§ **DATA FOR PROCESSING**
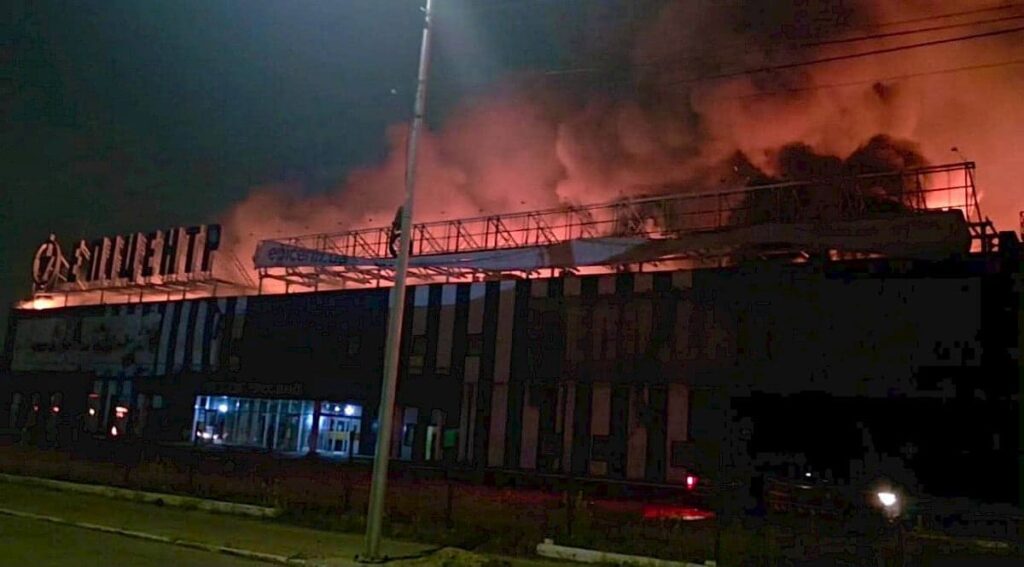 Директор «Епіцентру» оцінив руйнування складу в Києві у 90%: що буде з магазинами й замовленнями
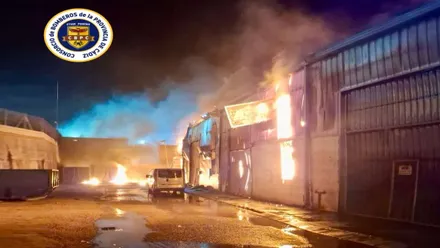 Fuego en las naves incendiadas en Algeciras. Destacan las llamas en la noche.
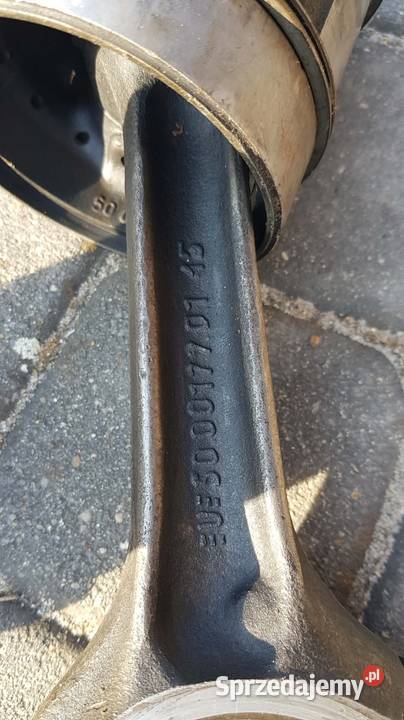 Korbowód z tłokiem Ursus c330 łódzkie Białaczów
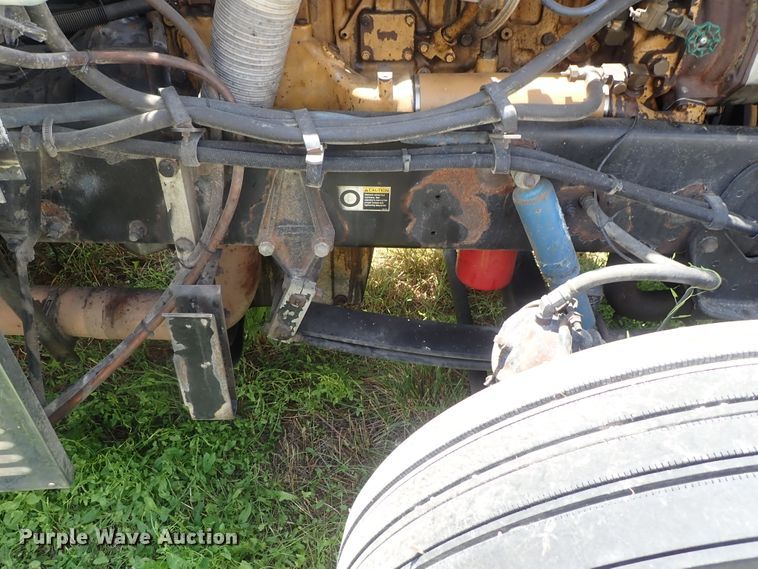 image for item DG2344 2001 Peterbilt 379  semi truck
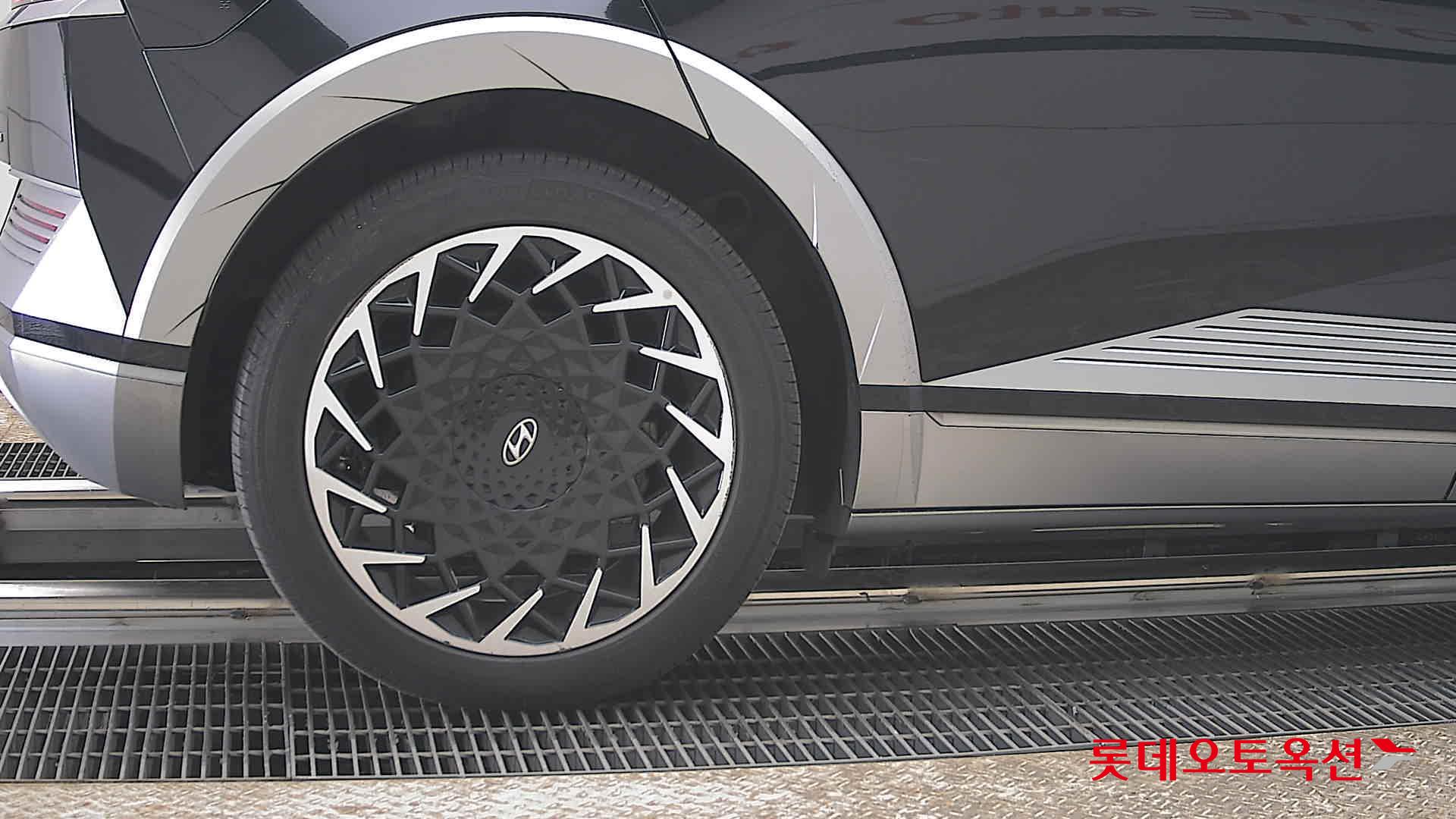 هيونداي أيونيك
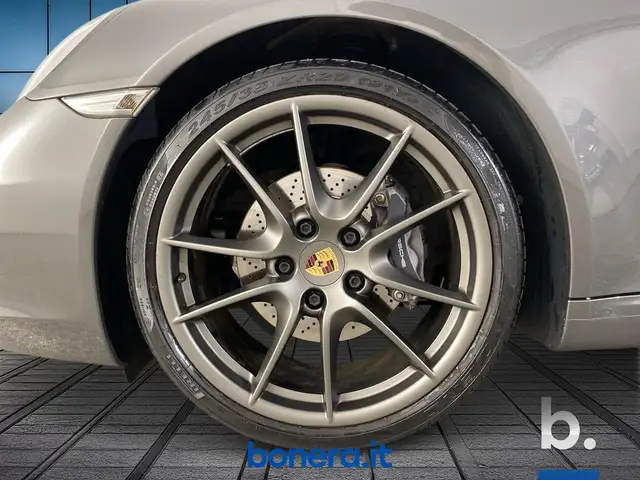 Porsche 911 view 11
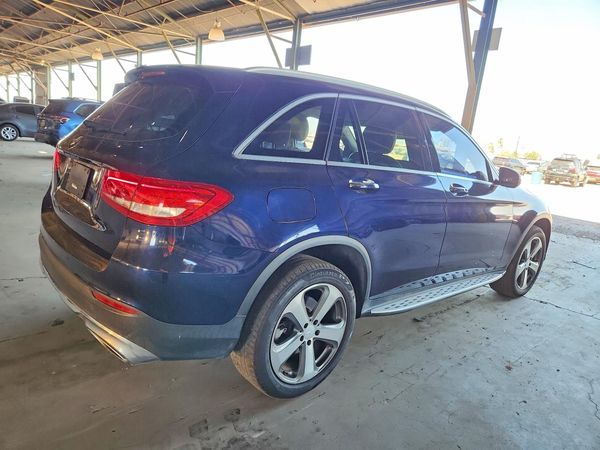 2016 MERCEDES-BENZ GLC GLC300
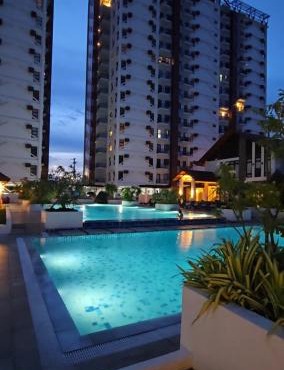 Kai's Luxe Balcony Suite at Royal Oceancrest Mactan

§ **WORK REQUEST**
Beginning with the line that holds "Porsche 911 view 11", return each line through the end of the records above exactly. Do not include pictures.

§ **ANSWER SECTION**
 Porsche 911 view 11
 2016 MERCEDES-BENZ GLC GLC300
 Kai's Luxe Balcony Suite at Royal Oceancrest Mactan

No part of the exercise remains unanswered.